** TASK INPUT follows **

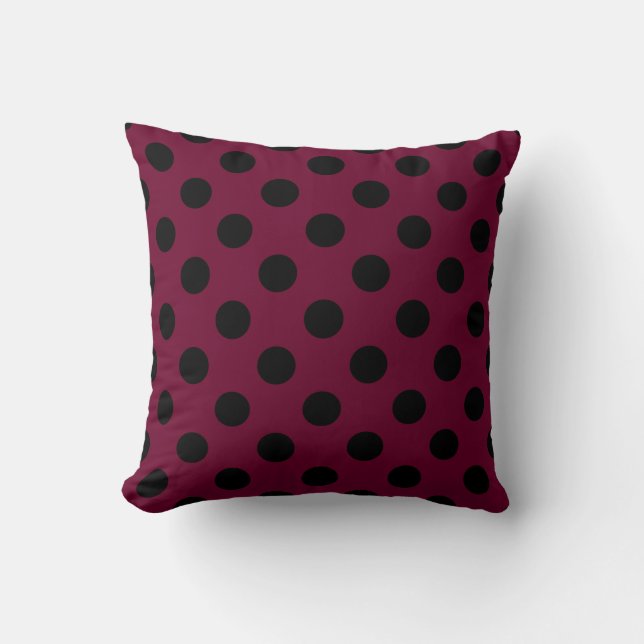 Black polka dots on burgundy throw pillow (Front)
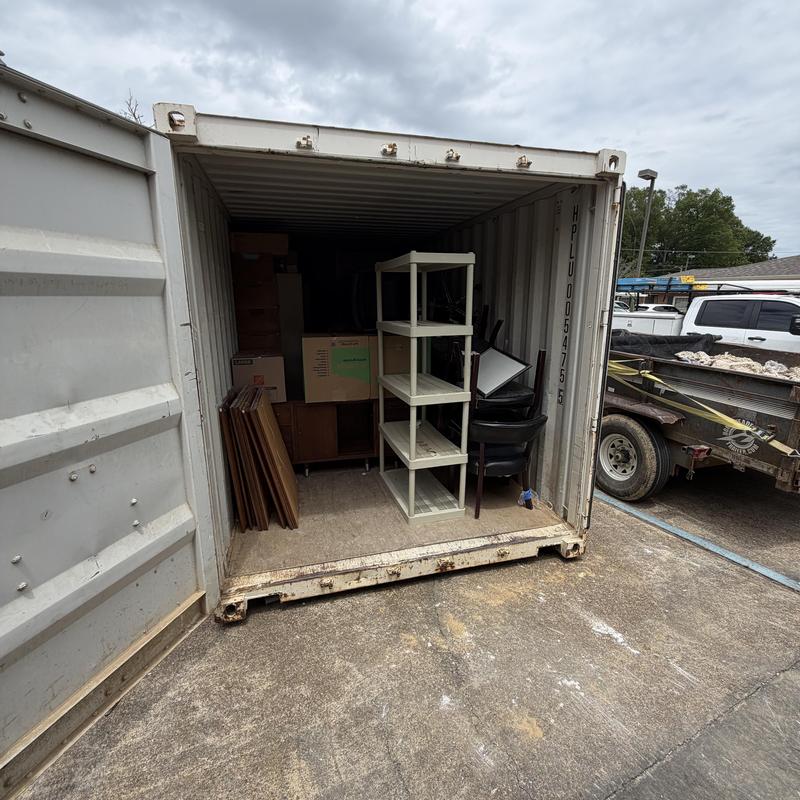 Storage container with boxed and stacked furniture
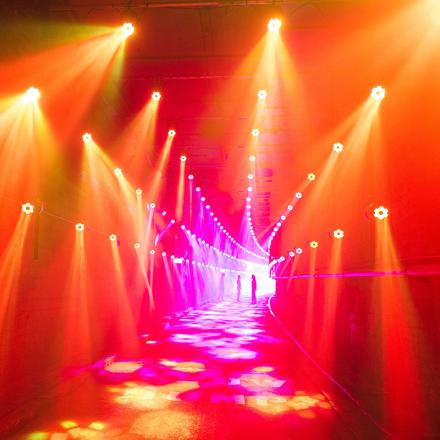 Tunnel illuminated with orange and pink lights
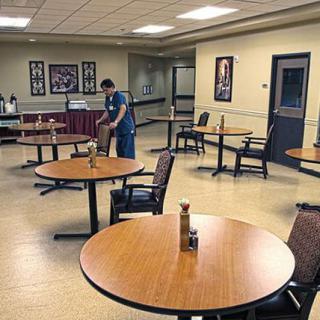 A custodian is cleaning an empty dining area with multiple tables and chairs.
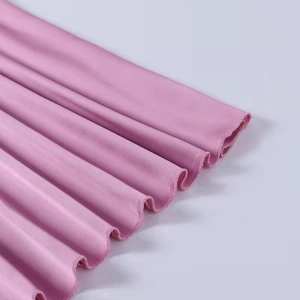 Close-up of pink satin dress featuring delicate ruffle hem and professional stitching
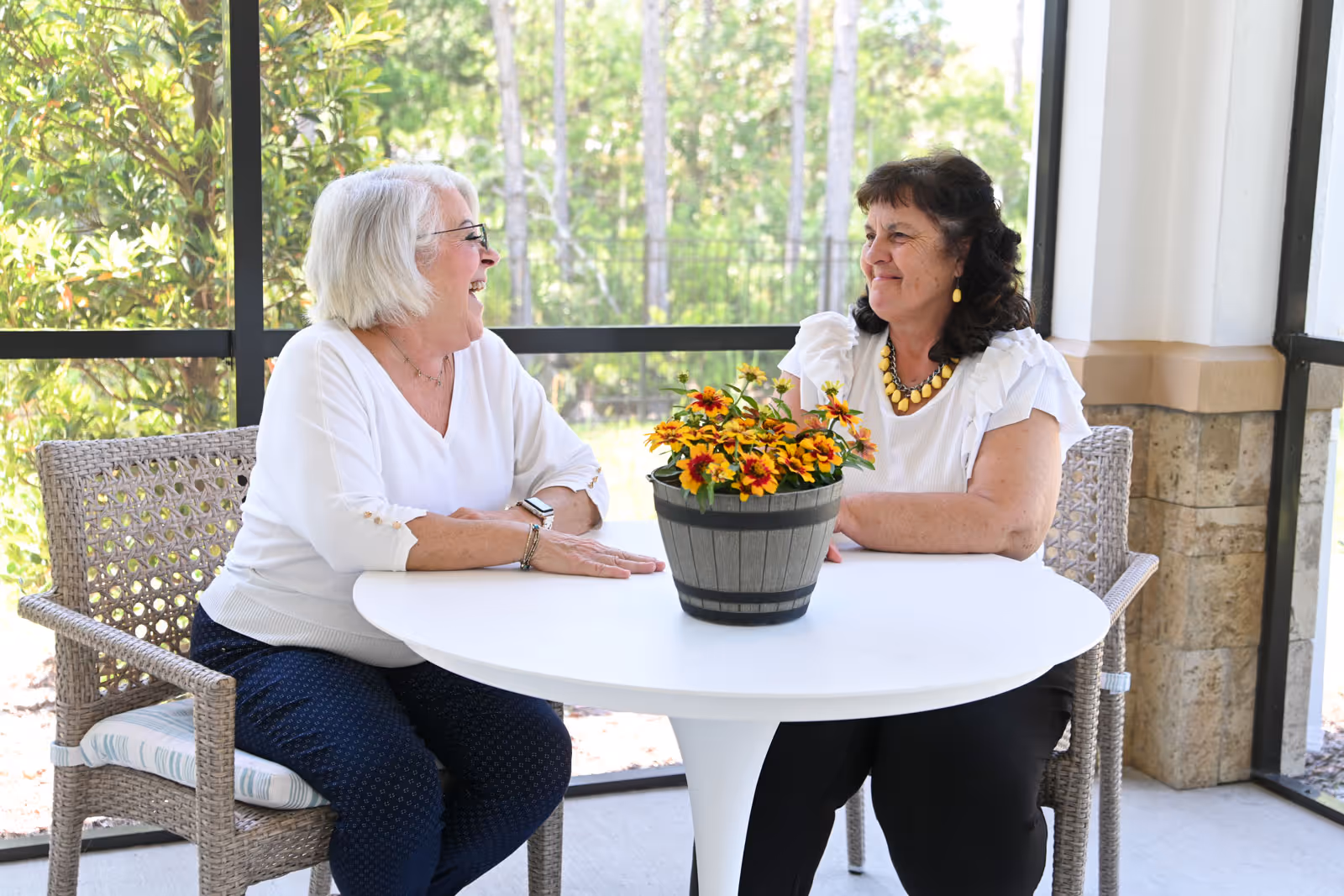 Two elderly women sitting at a round white table on a screened porch, smiling and engaged in conversation. There is a potted plant with yellow and red flowers on the table. The background shows greenery and trees outside the screened area.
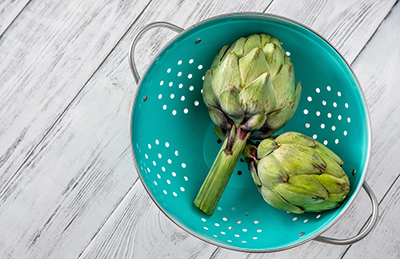 two whole artichokes in bowl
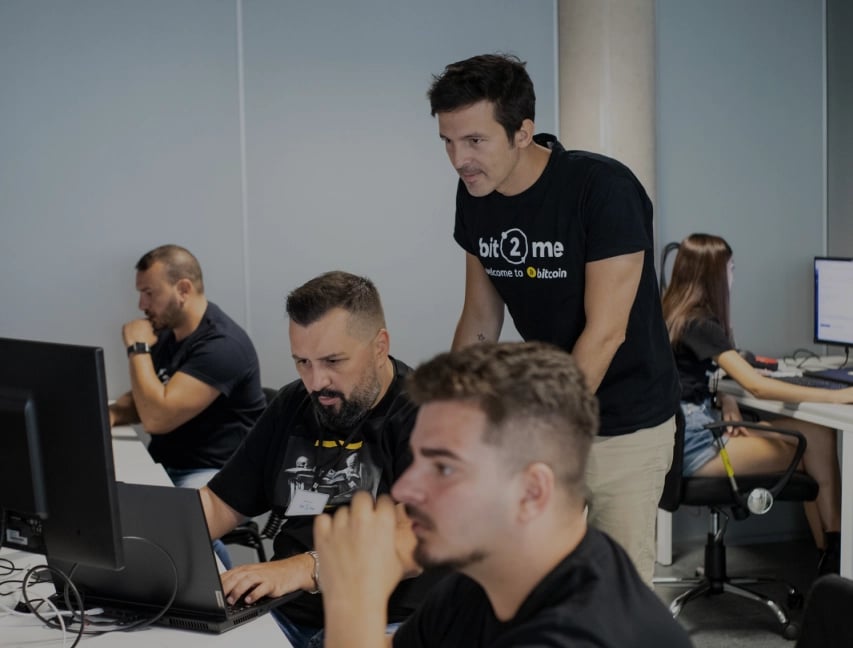 Bit2Me team working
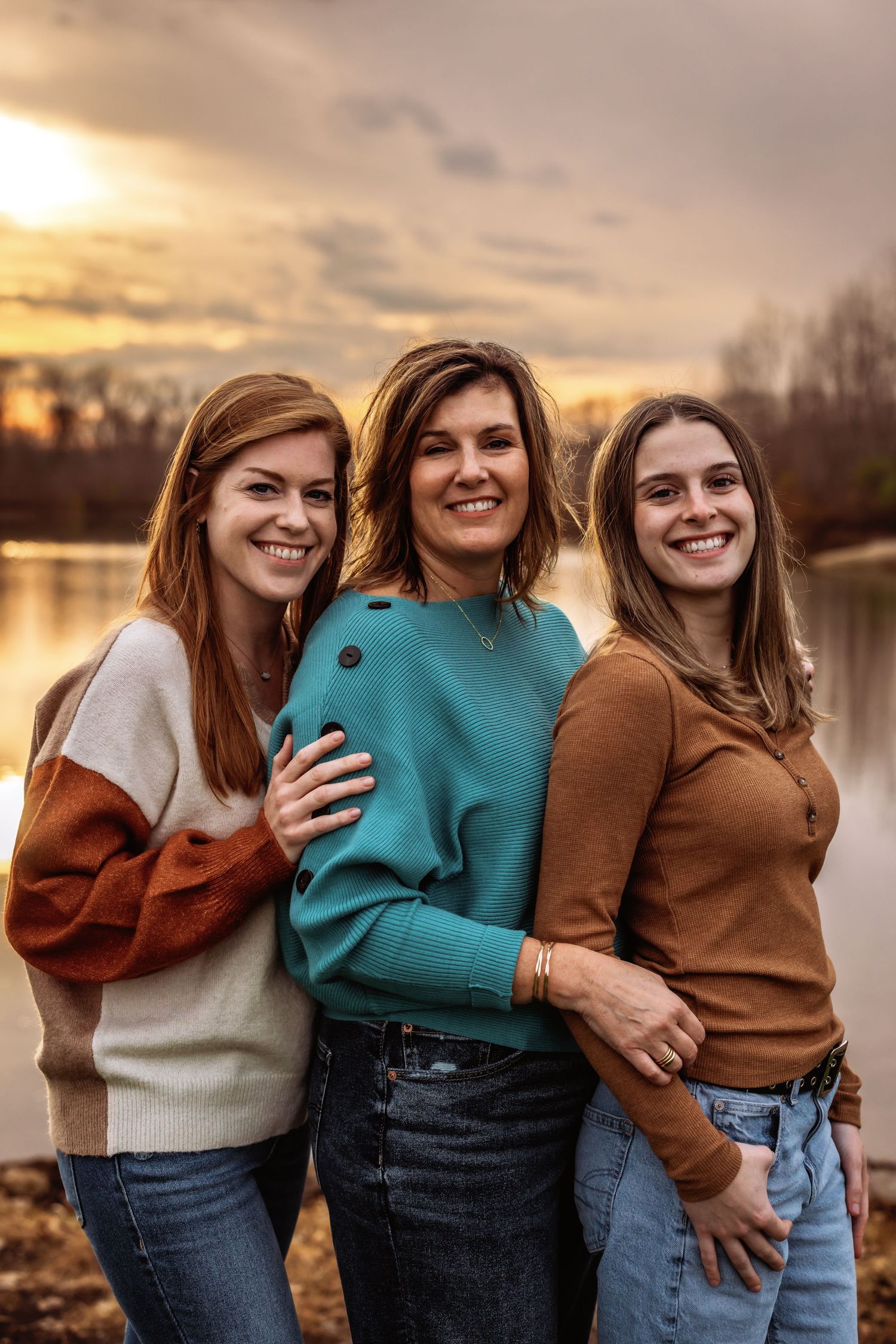 Three people in sweaters pose together by lake during golden sunset.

** End of TASK INPUT **

**ASSIGNMENT:** Starting at the line with "Storage container with", transcribe the listing above exactly through its last line. No picture belongs in the transcription.

**SOLUTION:**
 Storage container with boxed and stacked furniture
 Tunnel illuminated with orange and pink lights
 A custodian is cleaning an empty dining area with multiple tables and chairs.
 Close-up of pink satin dress featuring delicate ruffle hem and professional stitching
 Two elderly women sitting at a round white table on a screened porch, smiling and engaged in conversation. There is a potted plant with yellow and red flowers on the table. The background shows greenery and trees outside the screened area.
 two whole artichokes in bowl
 Bit2Me team working
 Three people in sweaters pose together by lake during golden sunset.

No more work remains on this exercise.